La censure des hommes de pouvoir

« Ce n’est pas la première fois que des gens de pouvoir s’imposent comme les premiers censeurs, remarque Di Stefano. Moi, je le vois vraiment comme le grand bourgeois riche à souhait et pénétré d’une haute conscience de soi qui veut faire taire un petit. Mais finalement, ce bonhomme nous rend service puisque si une critique de Boojum le gêne, c’est que Boojum compte ! » Certes, et l’influent galeriste se dessert avec une telle réaction, arguant des avis positifs récoltés dans la grande presse pour sa défense, trahissant une fragilité narcissique pour le moins spectaculaire, et allant jusqu’à se ridiculiser en se comparant à Voltaire.

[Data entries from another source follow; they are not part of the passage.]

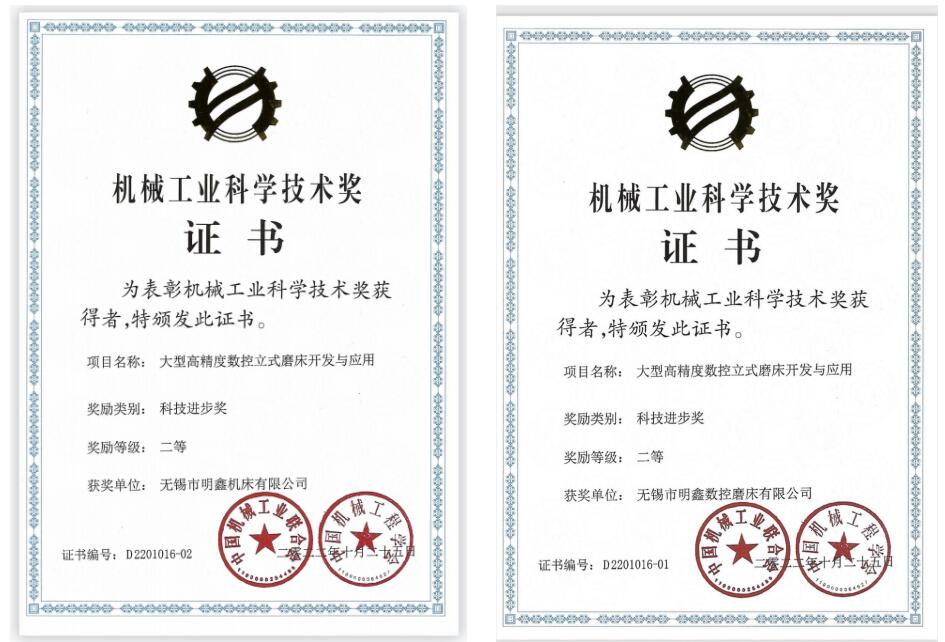 明鑫機床榮獲中國機械工業科學技術獎項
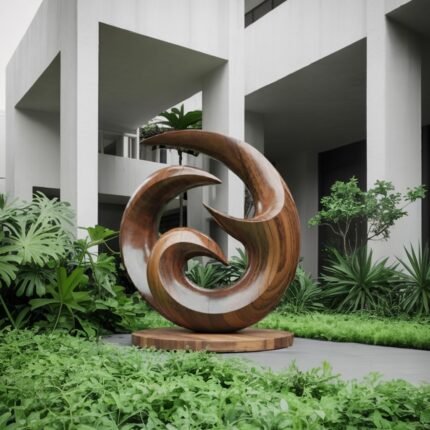 FARMHOUSE ABSTRACT WOODEN SCULPTURE BROWN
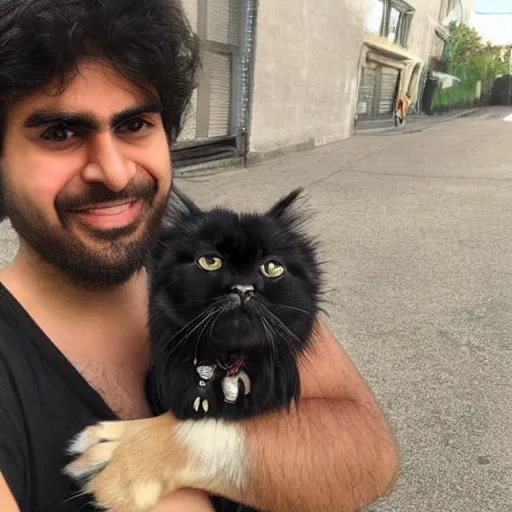 Image similar to half persian man, holding a dog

Des stigmatisés comme les autres

Cela étant, voilà une histoire qui crée un terrible précédent. Si les auteurs des livres disponibles sur les étals des libraires refusent de jouer le jeu de la critique et se comportent désormais comme d’énièmes minoritaires exhibant leurs stigmates, s’ils font franchir un nouveau cap à cette « envie du pénal » que dénonçait Philippe Muray, la vie littéraire du pays risque de se trouver confinée pour longtemps. Le plus étrange, c’est la prédilection que Trigano affiche pour les surréalistes, pourtant connus pour leur goût du scandale, du pamphlet et de l’irrespect jusqu’à l’odieux, lequel goût aurait dû assagir sa susceptibilité. Mais non… Il y a un siècle, en représailles d’un tel comportement, il est à peu près certain qu’André Breton aurait appelé à aller gifler ce récipiendaire de la Légion d’honneur.